OREANDA-NEWS. June 10, 2011. GAIL India Ltd, the nation’s biggest natural gas distributor, may spend as much as USD 2 billion (Rs.8,940 crore) on acquisitions, including shale gas assets in the US and Australia, to meet fuel demand in India.

The appetite is as high as USD 2 billion, chairman B.C. Tripathi said by telephone from New Delhi late on Wednesday. “We are studying two, three shale gas projects in the US and we are also keen on Australia.”

Assets in the US and Australia would be the first in those countries for GAIL, which is planning an overseas purchase after more than three years. The state-owned firm is building pipelines and liquefied natural gas (LNG) import terminals to meet demand from factories, cars and homes in the world’s second fastest growing major economy.

As oil and gas prices rise, owning energy assets and getting that energy security is paramount because India needs the fuels, said Avinash Gupta, vice-president for equity research at Globe Capital Market Ltd in New Delhi. Acquiring them is not the easiest because every country and company is chasing energy assets.

Oil and Natural Gas Corp. Ltd and Oil India Ltd, the nation’s biggest state-run explorers, are pooling in at least USD 8.5 billion of cash reserves as they compete with rivals such as CNOOC Ltd to buy assets overseas. GAIL is seeking a stake in JSC  Novatek’s LNG project in Russia’s Arctic and the ENI SpA-operated Kashagan oil field in Kazakhstan, Tripathi said.
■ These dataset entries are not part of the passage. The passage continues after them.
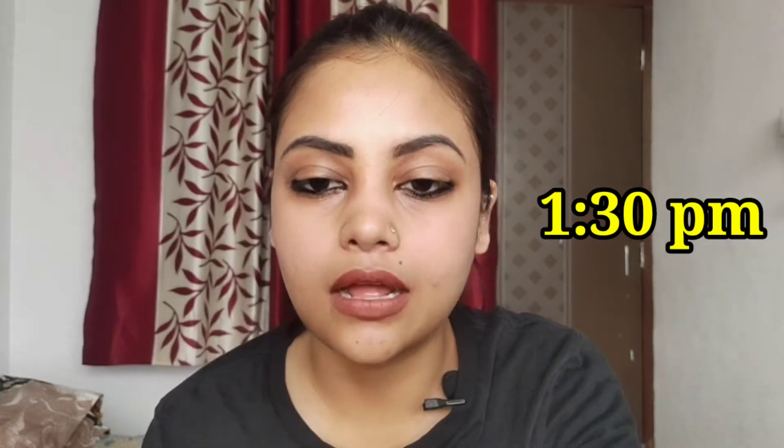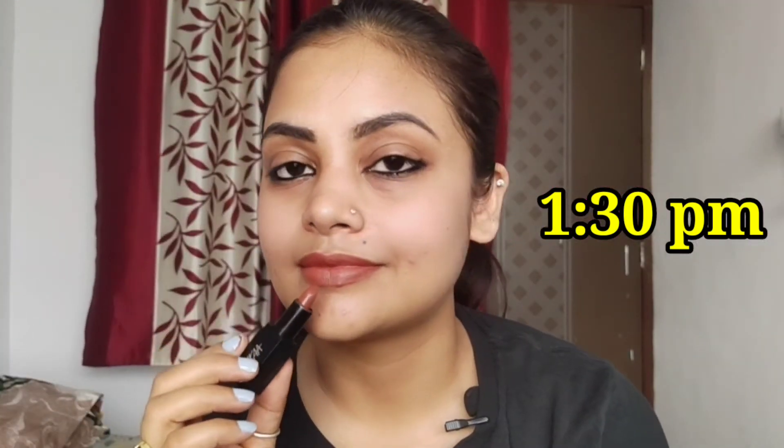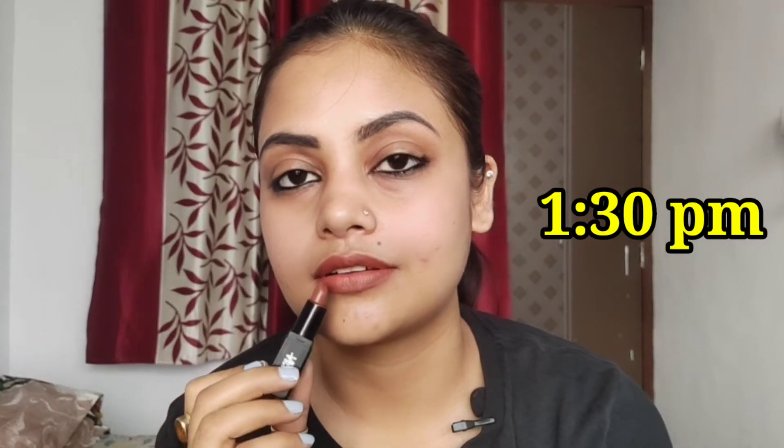Now I will show you how to apply it on my lips. The color shown in the bullet is the actual color you will see on lips. One tip: never apply the whole bullet directly. Take a little bit at a time, otherwise the bullet will break.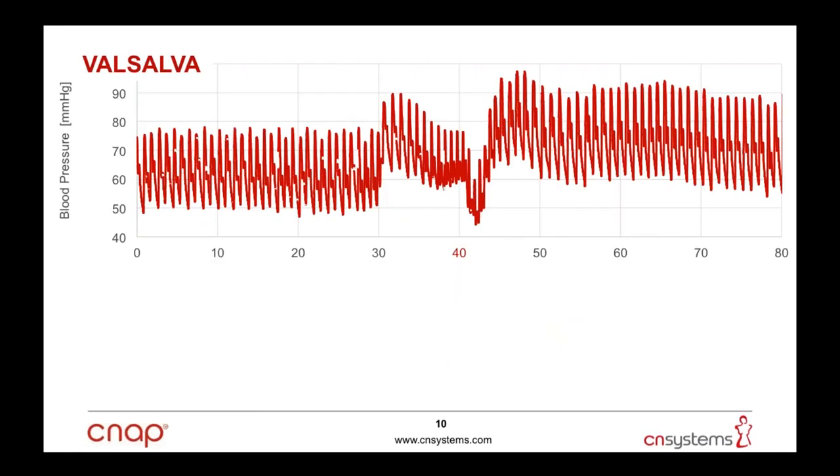One of the most impressive tests of the unit's performance is the Valsalva maneuver, where the subject takes a deep breath and tries to exhale forcefully against closed nose and mouth. This increases intrathoracic pressure and causes fast changes in blood pressure and pulse rate, and is used as a diagnostic tool for autonomic function. In Phase 1, the initial blood pressure rise occurs: intrathoracic pressure increases, the pulmonary circulation is compressed, blood is pressed out of the heart, stroke volume increases, and blood pressure rises.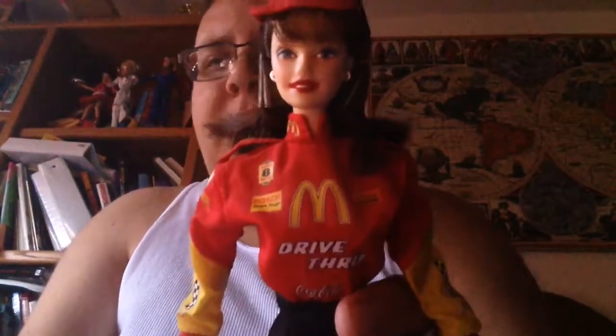This one uses the Teresa head mold, I believe. She has simple makeup — she just has red lipstick and short hair.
GAIL had Rs.1.8 billion of net debt as of 31 March and Rs.21.31 billion of cash and near cash, according to data compiled by Bloomberg. The company’s debt-to-equity ratio was 0.93, according to the data. Raising debt isn’t a problem on the current balance sheet, Tripathi said.

Shale formations have the potential to more than double the world’s gas reserves, the US Energy Information Agency said in a 5 April assessment. The US has an estimated 827 trillion cu. ft of shale gas, which may account for 47% of the nation’s production of the cleaner burning fuel by 2035, the agency said.

Reliance Industries Ltd, India’s biggest company by market value, last year committed USD 3.4 billion to US shale gas projects after acquiring acreages from three companies.